Spatial data processing capabilities for processing a wide range of spatial big data streams and types.
Spatial data integration capabilities for integrating location-based social media data with authoritative geospatial data sources.
Spatial data presentation capabilities for interactively visualizing complex spatial relations and uncertainties associated with geospatial big data.
Data retrieval and storage capabilities for efficient and scalable storage of geospatial big data.
GeoBalance: Workload-aware Management of Spatiotemporal Data
GeoBalance is the adaptive workload-aware partitioning of spatiotemporal data that considers both data and query workload. This system addresses possible workload skew due to the existence of hotspots, time-varying skew, and load spikes. It is optimized for high velocity and multi-user write-intensive geospatial applications. An evolutionary algorithm was developed for GeoBalance to modify partitions in the presence of imbalance.
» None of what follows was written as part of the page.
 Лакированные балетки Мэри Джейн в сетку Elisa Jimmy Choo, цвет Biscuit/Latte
GeoBalance employs rolling migration of partitions to avoid disrupting other services when partitions are changing.
TopoLens
Prototyped a cyberGIS-based application for spatial big data synthesis and sharing by leveraging heterogeneous cyberinfrastructure with both cloud and HPC resources
Employed modern microservices architecture
Lowered barriers to accessing, processing, analyzing, and visualizing large raster datasets
Data from 18 hydrological regions (Hydrological Unit Code level 2) and 48 conterminousstates available
UrbanFlow
Synthesized geospatial big data from social media with authoritative land use data
Investigated population dynamics and land use changes based on the synthesized data
Implemented a cyberGIS workflow using Apache Hadoop to process large streaming data from Twitter (e.g. 965 million geo-tagged tweets in 2014)
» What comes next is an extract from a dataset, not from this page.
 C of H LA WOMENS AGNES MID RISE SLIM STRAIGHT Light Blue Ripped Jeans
Developed a novel distributed point-in-polygon algorithm suitable for large vector datasets
Geospatial Operation Management
Data preparation and handling operations can be used broadly and are be crucial for data sharing and synthesis. To enable these operations we will develop a capability to allow users to be able to register and publish operations that are relevant to specific types of data in a form that will enable them to be published and easily integrated by others into their workflow.